In considerazione dell’incoraggiante trend economico che attraversava la città grazie ai tagli comunali sulle tasse pari a 2 miliardi di dollari, alla vigilia del nuovo millennio Giuliani volle affrontare il problema delle case di proprietà. Solo il 30 per cento dei newyorkesi infatti ne possedeva una contro la media nazionale del 66 per cento. L’amministrazione comunale procedette così alla costruzione di nuove case con forti agevolazioni sull’acquisto nelle aree di Ocean Hill-Brownsville, Morissania e East Harlem.
LA VITTORIA DI BLOOMBERG
La tragedia dell’11 settembre 2001 avvenne proprio durante gli ultimi mesi del secondo mandato Giuliani e nel pieno svolgimento delle primarie del Partito Democratico per la nomina del proprio candidato sindaco. Fino a quel momento il candidato del Partito Repubblicano Michael Bloomberg, un magnate dell’industria televisiva ed editoriale, avvertito come estraneo ai veri problemi della città, aveva uno svantaggio rispetto al suo sfidante, il democratico moderato Green, di ben 40 punti. Il pieno appoggio dato da Giuliani a Bloomberg nelle ultime settimane di campagna elettorale trasformò l’elezione del nuovo sindaco in un referendum sull’operato del sindaco uscente. Il 6 novembre del 2001 Bloomberg vinse e divenne il nuovo sindaco repubblicano di New York con un margine di soli 43 mila voti.

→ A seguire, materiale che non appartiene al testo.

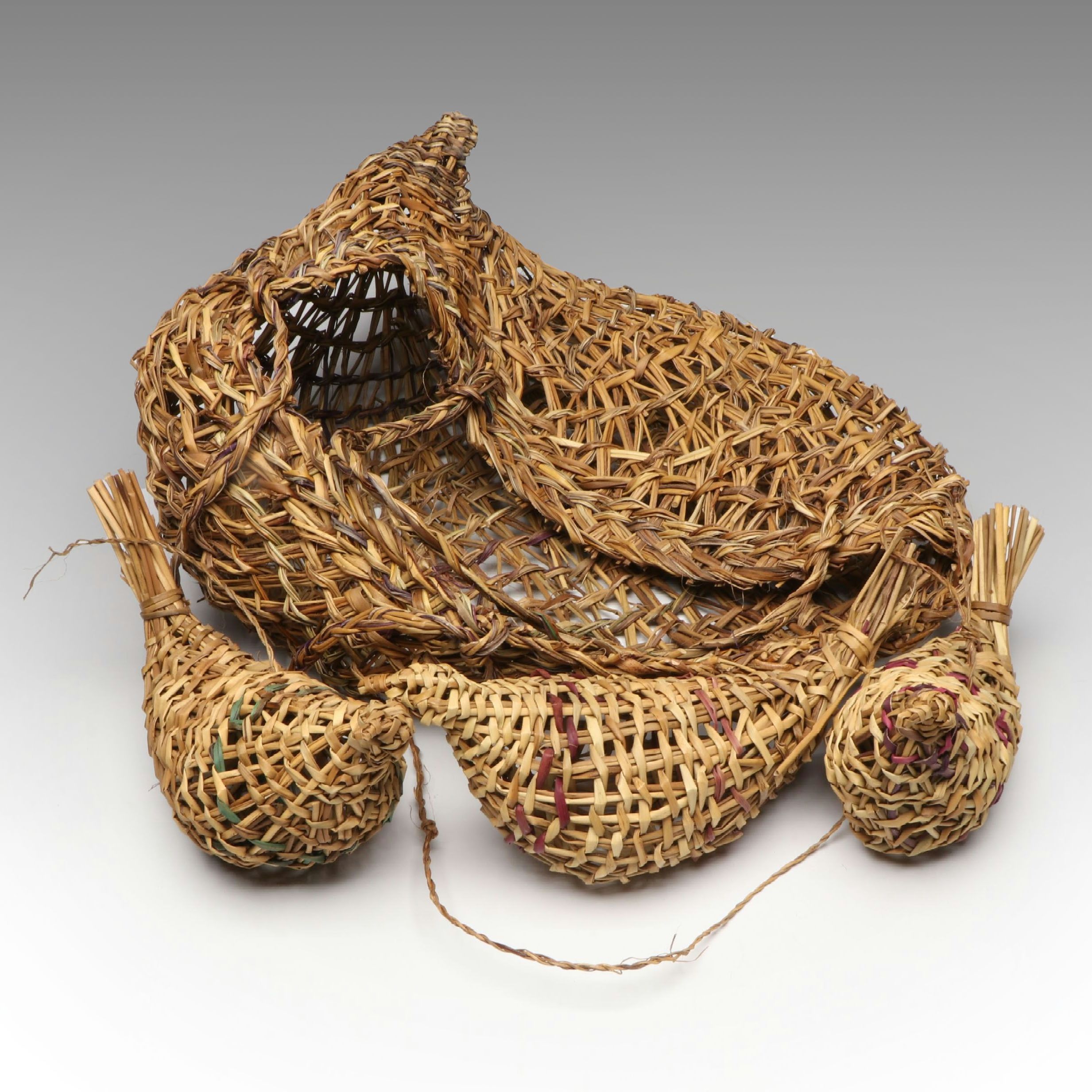 Chilean Chiloé Island Handwoven Birds and Basket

Le uniche difficoltà che sta incontrando Bloomberg in questi ultimi giorni di campagna elettorale sono legate all’accusa di non esser riuscito a mantenere gli standard d’efficienza di Giuliani (aumento delle imposte, inefficienza del settore scolastico, riburocratizzazione dei servizi sociali) e alla crisi di consenso, registrata nei sondaggi, dalla figura di Bush. Crisi a cui Bloomberg reagisce prendendo le distanze dalle posizioni del presidente.

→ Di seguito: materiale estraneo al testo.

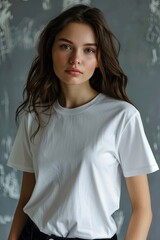 White tshirt mockup on woman model created with Generative AI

Il rivale del sindaco in carica è il democratico Fernando Ferrer, un politico di professione originario del South Bronx, amatissimo dalla comunità portoricana e appoggiato dai maggiori sindacati della città. Tuttavia Bloomberg guida saldamente la corsa per la riconferma a sindaco con un distacco costante di 14 punti sul suo avversario. È un fatto, però, che a causa di un’economia che sta rallentando (non certo rispetto alle metropoli europee, ma se paragonata allo sviluppo che stanno vivendo città come Atlanta o Phoenix) e complice il caro vita, non soltanto la città ma l’intero Stato di New York sta perdendo popolazione. D’altra parte, Bloomberg si pone sicuramente al di fuori del grande tentativo di riforme sociali e culturali avviato da Bush, collocandosi, dice il professor Siegel, «sulla scia di liberal paternalisti del passato come Rockefeller e John Lindsay».